I have a question about CUDA program.
I created a program that adds arrays together using the GPU.
A part of kernel function in our program is as follows:

program A)
const int size = 1000*2000;
int i = blockIdx.x * blockDim.x + threadIdx.x;

if (i >= size) return;
result[i] = array1[i] + array2[i];

return;

program B)
const int nx = 1000;
const int ny = 2000;
int i = blockIdx.x * blockDim.x + threadIdx.x;
int j = blockIdx.y * blockDim.y + threadIdx.y;
int k = nx * j + i;

if (i < nx && j < ny)
result[k] = array1[k] + array2[k];
return;

Result)
The addition of arrays “program A” can be performed without any problems, but the result of the addition of arrays “program B” is 0.
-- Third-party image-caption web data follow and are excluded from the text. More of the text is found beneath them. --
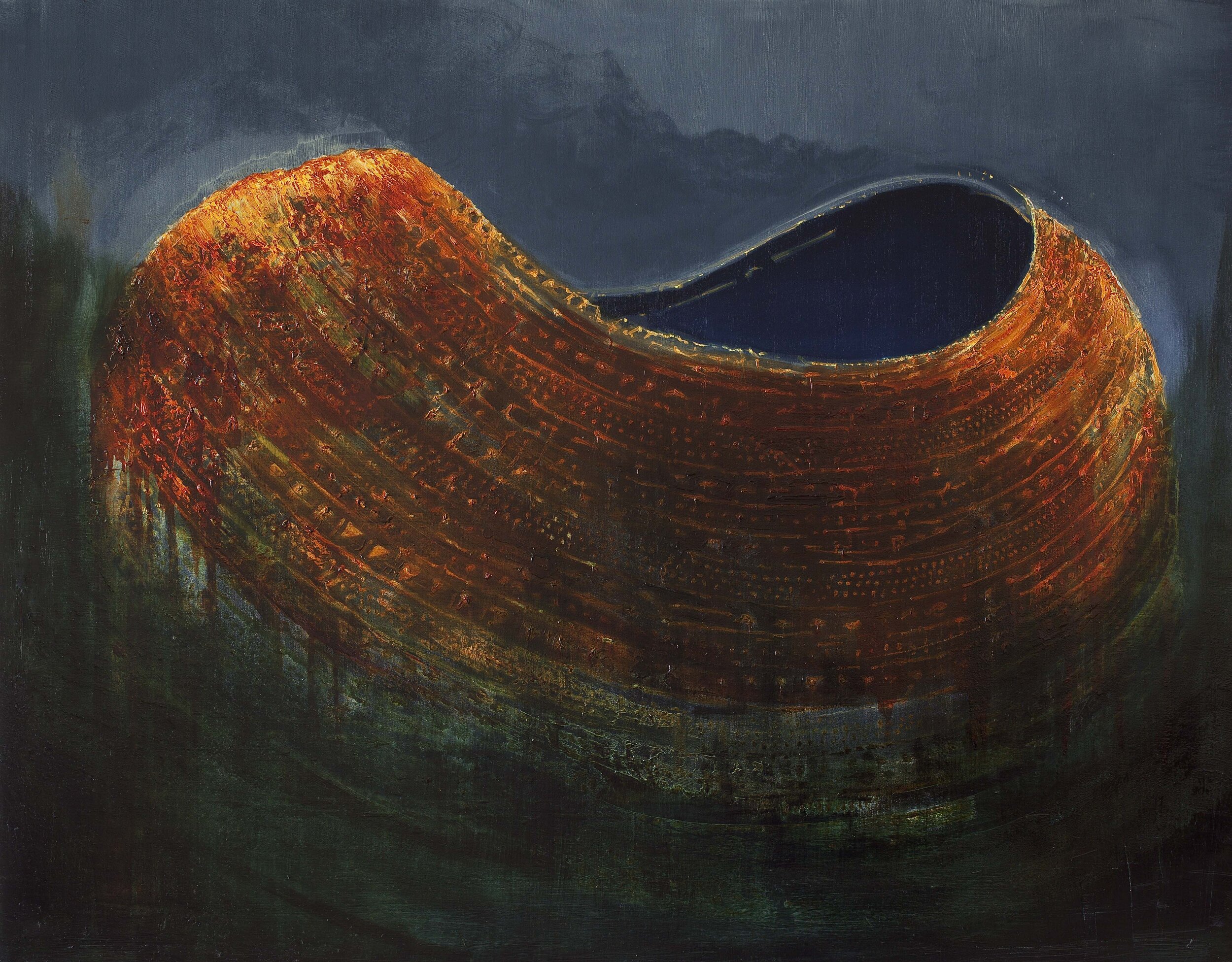 Untitled (2011), oil on canvas, 98x125 cm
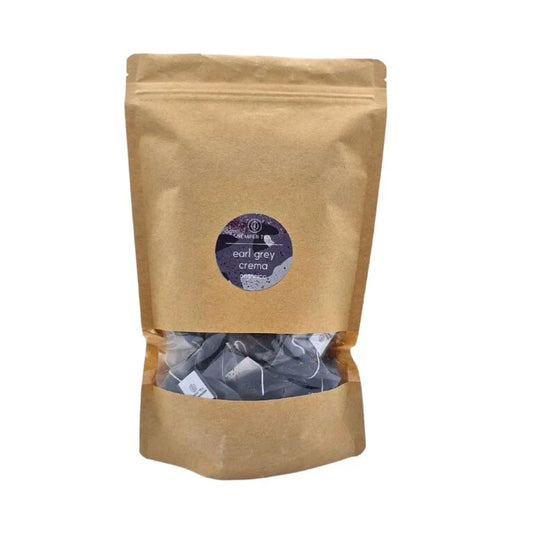 Earl grey pyramides en vrac dans un sachet en papier kraft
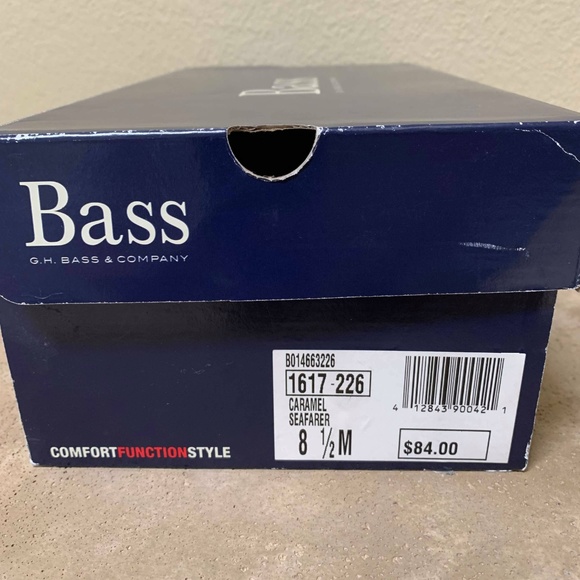 NEW Bass Men\'s Leather Boat Shoes Loafers Size 8.5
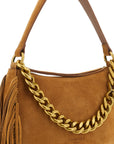 Twinset Brown Leather Shoulder Bag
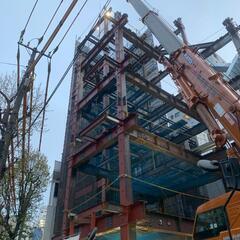 鉄骨鳶、鍛冶工事、足場作業員募集！の画像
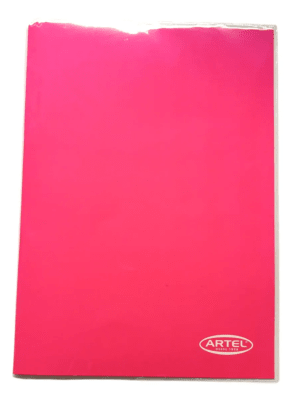 Carpeta con Gusano Rosado ARTEL
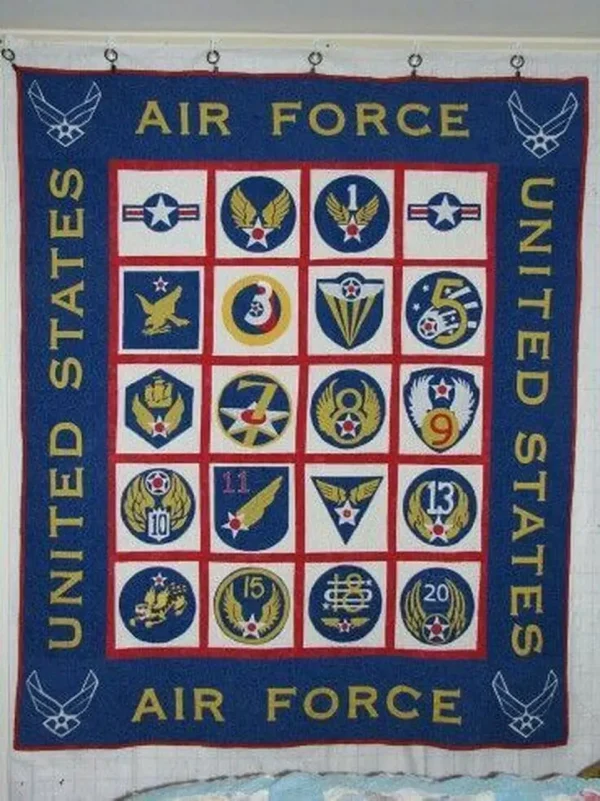 Air Force Cla240662 Quilt Blanket and Home Decor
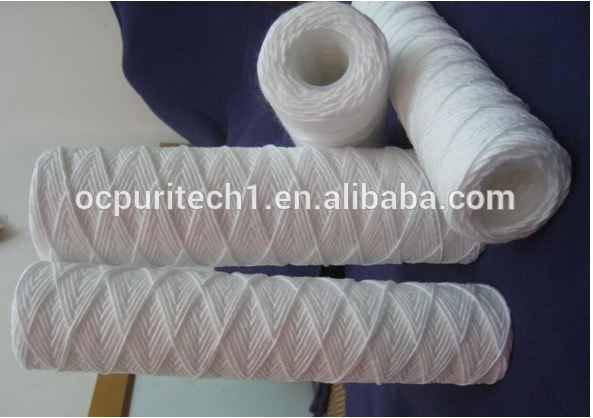 wholesale PP core PP yarn /cotton string spiral wound water filter cartridge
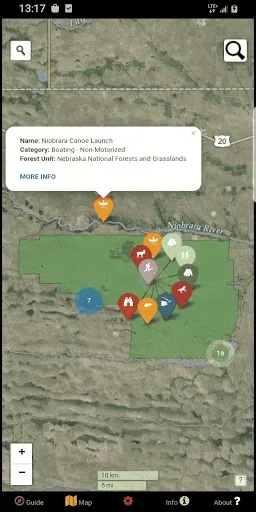 Скриншот 1 — National Forests Map Guide USA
Is there anything inappropriate?
I would like to perform efficient GPU calculations using “int i” and “int j”.

Your kernel design pretty much expects a 2D grid/threadblock, but you are launching 1D grid of 1D threadblocks. There are many resources online that can help you to formulate a 2D grid/launch, here is one example.
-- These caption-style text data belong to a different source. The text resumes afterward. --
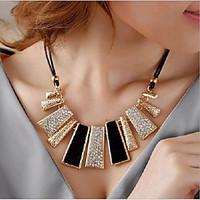 Women\'s Choker Necklaces Statement Necklaces Geometric Irregular Alloy Statement Jewelry Gold Jewelry For Party 1pc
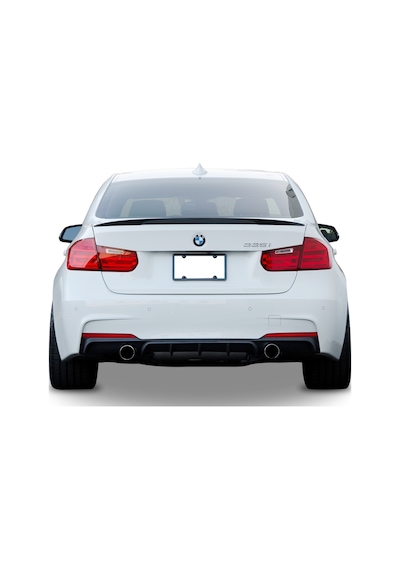 Bmw F30 Bagaj Üstü Spoiler Pianoblack Boyalı M-Performance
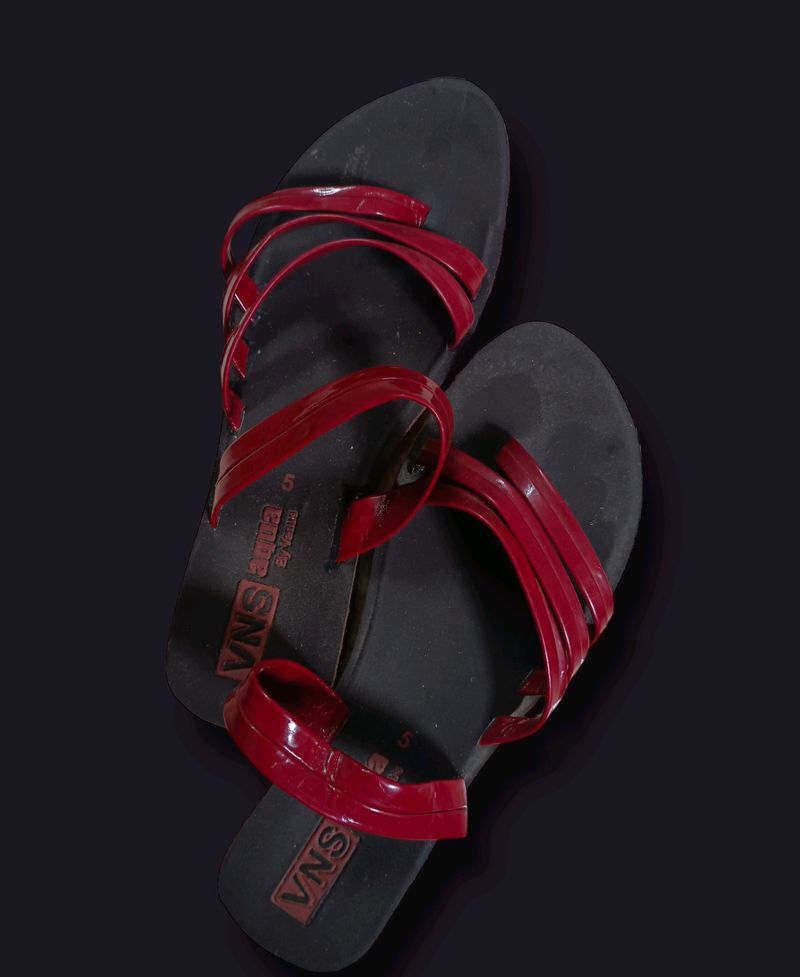 Sandal With Red Stripe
The product of the blockShape x and y dimensions should not exceed 1024 (the exact number depending on your GPU architecture).
The grid dimensions can be large.

any time you’re having difficulty with a CUDA code, I recommend proper CUDA error checking. It will be useful for others who are trying to help you, and eventually it will help you sort out problems on your own.
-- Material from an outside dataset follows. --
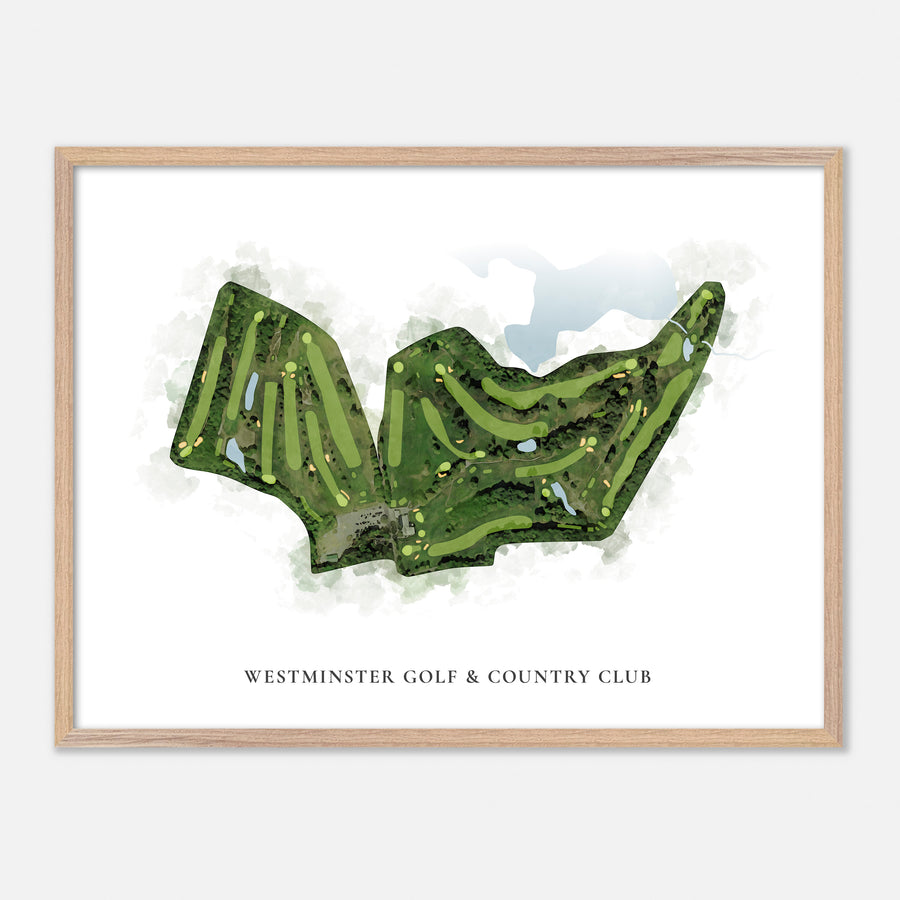 Print of Westminster Golf & Country Club Classic Map
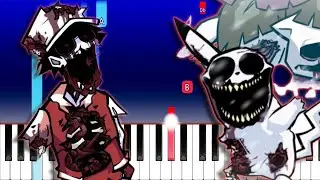 Frostbite - Friday Night Funkin' Lullaby (Piano Tutorial)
Was just an example. It would run around 10^12 blocks. (Both numbers are multiplied). Or 10^15 threads.
Either it lead to a timeout or to a memory out-of-bounds error in your kernel.

Check the return values of all CUDA calls and of the cudaDeviceSynchronize().

#include <cassert>
template <typename T>
__global__ void AddPixel_Kernel(const T *array1, const T *array2, T *result, const int nx, const int ny) {
size_t i = blockIdx.x * blockDim.x + threadIdx.x; // width
size_t j = blockIdx.y * blockDim.y + threadIdx.y; // height
size_t k = nx * j + i;
if (i < nx && j < ny) {
result[k] = array1[k] + array2[k];
}
}
template <typename T>
void AddPixel(const T *array1, const T *array2, T *result, const int nx, const int ny){
T *d_array1, *d_array2, *d_result;
size_t size = ((size_t)nx)*ny;
cudaMalloc((void**)&d_array1, size * sizeof(T));
cudaMalloc((void**)&d_array2, size * sizeof(T));
cudaMalloc((void**)&d_result, size * sizeof(T));
cudaMemcpy(d_array1, array1, size * sizeof(T), cudaMemcpyHostToDevice);
cudaMemcpy(d_array2, array2, size * sizeof(T), cudaMemcpyHostToDevice);
dim3 block(32,32);
dim3 grid((nx+block.x-1)/block.x, (ny+block.y-1)/block.y);
assert(grid.x <= 2147483647);
assert(grid.y <= 65535);
AddPixel_Kernel <<< grid, block >>> (d_array1, d_array2, d_result, nx, ny);
cudaMemcpy(result, d_result, size * sizeof(T), cudaMemcpyDeviceToHost);
cudaFree(d_array1);
cudaFree(d_array2);
cudaFree(d_result);
}

That will work for a y-dimension up to about 2 million (32*65535 = 2,097,120), and x-dimension up to about 2 billion. And as you are working with codes and learning I strongly encourage the use of proper CUDA error checking, and run your codes with compute-sanitizer.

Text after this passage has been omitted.